At Reshke’s trial, his lawyer, Alex Pringle, said, “There is a difference between heroin addiction and vlt addiction and the difference is that the government doesn’t have anything to do with heroin addiction.” After his stint in prison, Reshke joined Gamblers Anonymous. Today, he spends much of his spare time lecturing about the perils of gambling at treatment centres and high schools. He tells his story and explains how slot machines have now overtaken vlts in popularity and revenue earnings. Like many problem gamblers he asks a simple question: “Why is government in the business of gaming?”

In Alberta’s profitable gaming circles the new buzzwords are “responsible gaming” and “harm minimization.” In addition to limiting the number of vlts in the province to 6,000, the province has equipped new vlt machines with “responsible gaming features,” including a permanent clock and problem-gambling information banners. Meanwhile, the prevalence of slot machines has grown by 74 percent over the past four years. Even though Albertan adults lose nearly 50 percent more on gambling ($886 in 2005) than the national average, no government community- impact assessment has been done, notes Garry Smith. Early in 2006, the government opened two Responsible Gaming Information Centres.

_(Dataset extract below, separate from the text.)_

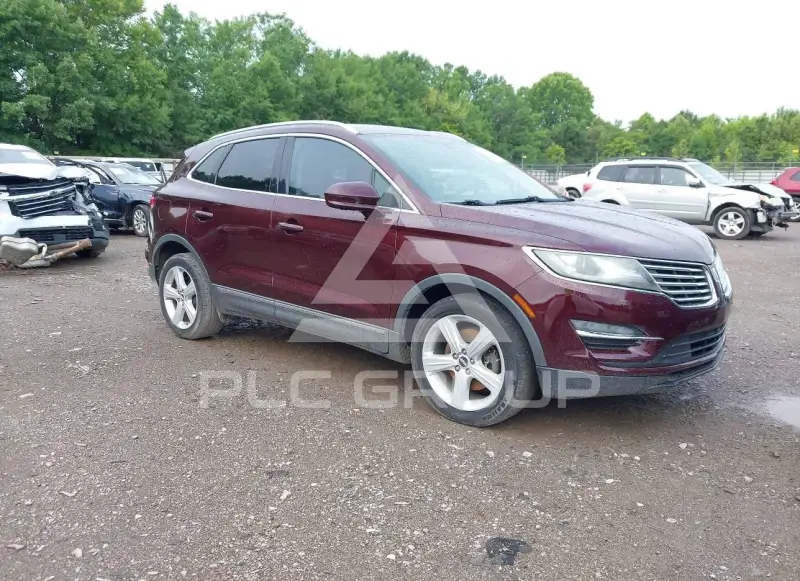 2018 Lincoln MKC фото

Unlike Alberta, Australia has taken a hard look at government-promoted gambling. In 2002, its Productivity Commission found that problem gamblers accounted for one-third of all gambling income, and 71 percent of problem gamblers choose electronic games as their preferred vice. The report found that regulatory practices were “incoherent, fragmented and inconsistent” and that the liberalization of gambling had been socially catastrophic. Smith contends that a national Canadian inquiry would find the same. “It is a truism in the administration of legal gambling in Canada,” he says, “that when revenue generation priorities and social responsibility clash, economic exigency wins.”

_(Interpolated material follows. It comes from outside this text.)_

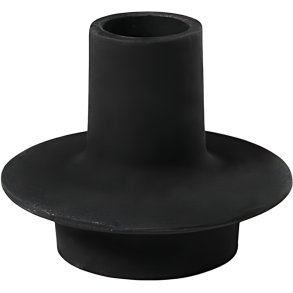Normann Copenhagen Heima Lysestage H6,5 cm, Sort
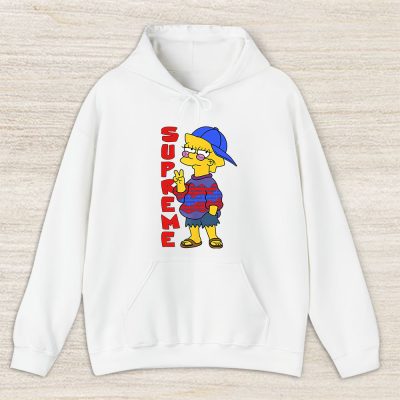 The Simpsons Lisa Simpson Supreme Unisex Hoodie TAH14080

Kowalski, the man who introduced electronic gambling to Alberta, has few regrets and would do it all again. He says he can’t fathom the difference between vlts and other forms of gaming. He also believes that government knows best when it comes to gambling. “If you are going to have one Godfather, let it be the province,” he says, a somewhat ironic position for a minister from the live-free government of the Klein Conservatives. He offers his condolences to Reshke. “He was an outstanding civil servant, and I’m sad this happened to him.”

Prior to the introduction of vlts in 1991, just two chapters of Gamblers Anonymous operated in Alberta. Today, GA is doing a roaring business with sixty chapters. About 80 percent of the new members report being addicted to vlt or slot machines. Raymond Reshke is one of them.